The integration of AI/ML involves handling large volumes of sensitive user data. Ensuring data privacy and securing the network against potential breaches are paramount. This involves implementing robust encryption techniques, secure data storage, and advanced cybersecurity protocols.

Algorithm Complexity and Optimization

AI/ML algorithms can be highly complex, necessitating specialized expertise for development and optimization. The challenge lies in designing algorithms that are not only accurate but also efficient in terms of power and resource usage, especially for edge-based deployments.

Network Integration and Interoperability

Integrating AI/ML into existing 5G network architectures presents several technical hurdles. Ensuring compatibility and interoperability between different network components, legacy systems, and various AI/ML models is a complex task that requires careful planning and execution.

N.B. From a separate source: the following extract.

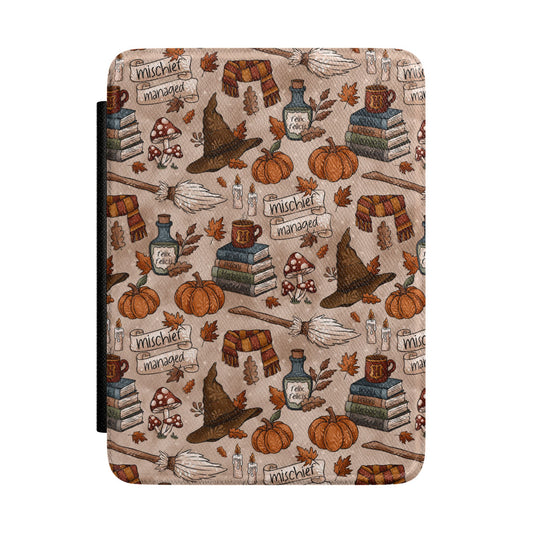 Autumn Wizard Kindle Case PREORDER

Training and Deployment of AI Models

Training AI/ML models requires vast amounts of high-quality data. Collecting, processing, and utilizing this data effectively, while maintaining system performance and user experience, is a significant challenge. Furthermore, deploying these models across diverse network environments must be managed carefully to avoid disruptions in service.

Regulatory Compliance and Ethical Considerations

Adhering to regulatory standards and addressing ethical considerations, especially concerning data usage and AI decision-making processes, is imperative. Navigating the complex landscape of global regulations and ensuring ethical AI practices is a challenge that extends beyond technical realms.

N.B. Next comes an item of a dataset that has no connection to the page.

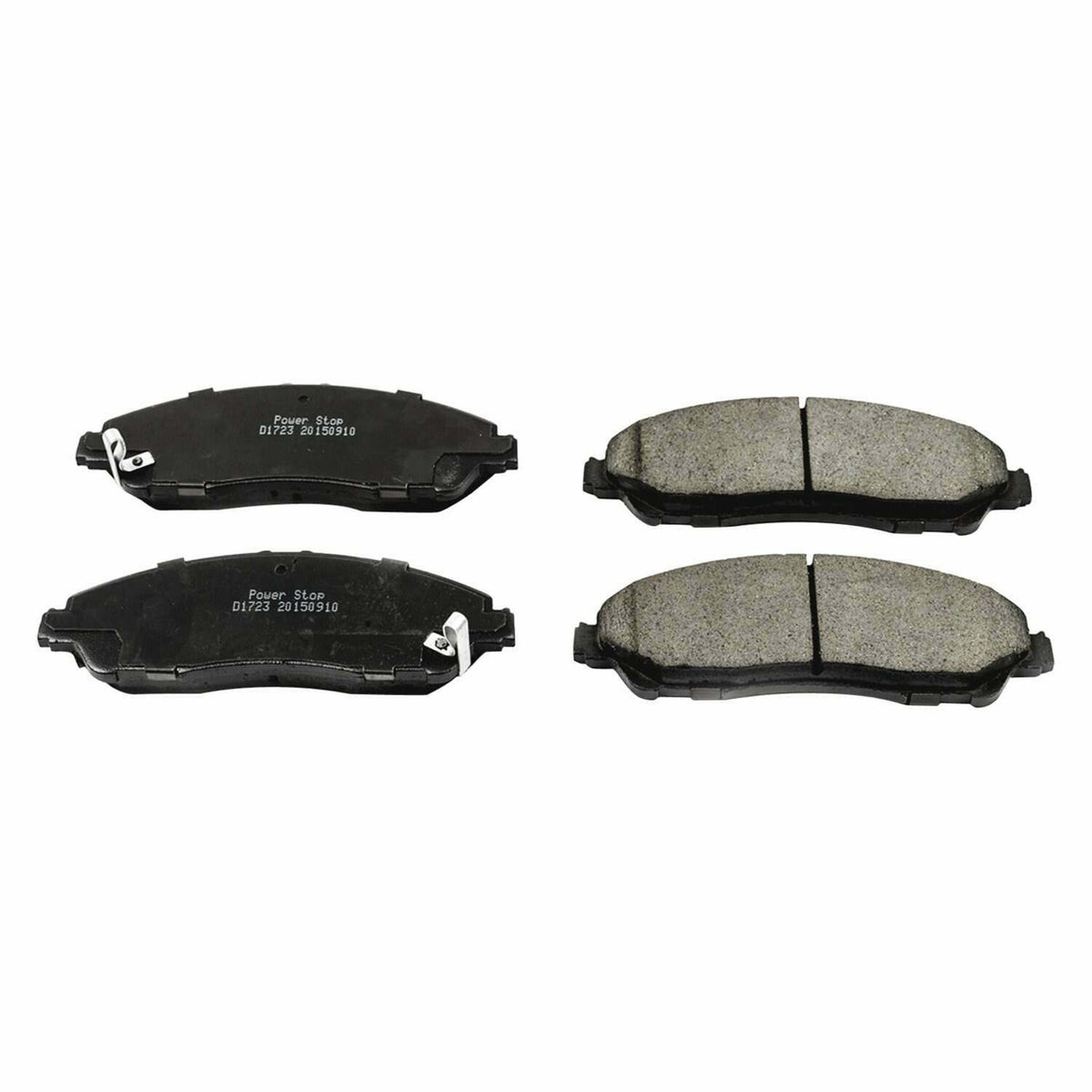 Power Stop 14-17 Acura MDX Front Z16 Evolution Ceramic Brake Pads - 16-1723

In conclusion, while AI/ML deployment in 5G networks offers transformative potential, overcoming these challenges is crucial for successful implementation. It requires a multi-faceted approach involving technical innovation, strategic planning, and regulatory compliance to harness the full power of AI/ML in enhancing 5G network capabilities.


As we reflect on the journey from 3GPP Release 16 through to Release 18, it’s evident that the landscape of mobile communications is undergoing a significant transformation.

Now, with the anticipated Release 18, we stand on the brink of a new era in which AI and Machine Learning are set to redefine the capabilities of 5G networks. This integration is poised to revolutionize network operations, making them not just faster and more reliable but also significantly smarter and more responsive to the intricacies of user demand and environmental conditions.

From enhancing the physical layer’s performance to optimizing network slicing and load balancing, AI/ML is the cornerstone of a more efficient, automated, and user-centric network infrastructure.

The collaborative landscape of AI/ML within the 5G architecture, as showcased in Release 18, promises a network that not only adapts but also predicts and evolves in real-time. This is a network that can manage its resources proactively, delivering an enhanced user experience while driving down operational costs and improving sustainability.

As we look to the future, the continuous evolution of AI/ML will bring about even more sophisticated algorithms capable of navigating complex network environments and user scenarios. Yet, this path is not without its challenges. The computational demands, privacy and security concerns, and the need for seamless integration within existing networks pose considerable hurdles that must be addressed.

In conclusion, the technical evolution from 3GPP Release 16 to Release 18 marks a pivotal shift towards a more intelligent and adaptive 5G ecosystem. With the right strategies to overcome implementation challenges, the integration of DSS and AI/ML holds the promise of not just meeting but exceeding the lofty expectations placed on the next generation of mobile communications.



  • Lin, “Artificial Intelligence in 3GPP 5G-Advanced: A Survey”, IEEE Communications Society, 2023.
  • Lin et al., “5G new radio: Unveiling the essentials of the next generation wireless access technology,” IEEE Communications Standards Magazine, vol. 3, no. 3, pp. 30-37, September 2019.
  • 3GPP TS 38.843, “Study on Artificial Intelligence (AI)/Machine Learning (ML) for NR air interface”, Release 18, 2023.
  • 3GPP TS 23.288, “Architecture enhancements for 5G system (5GS) to support network data analytics services,” V17.9.0, 2023.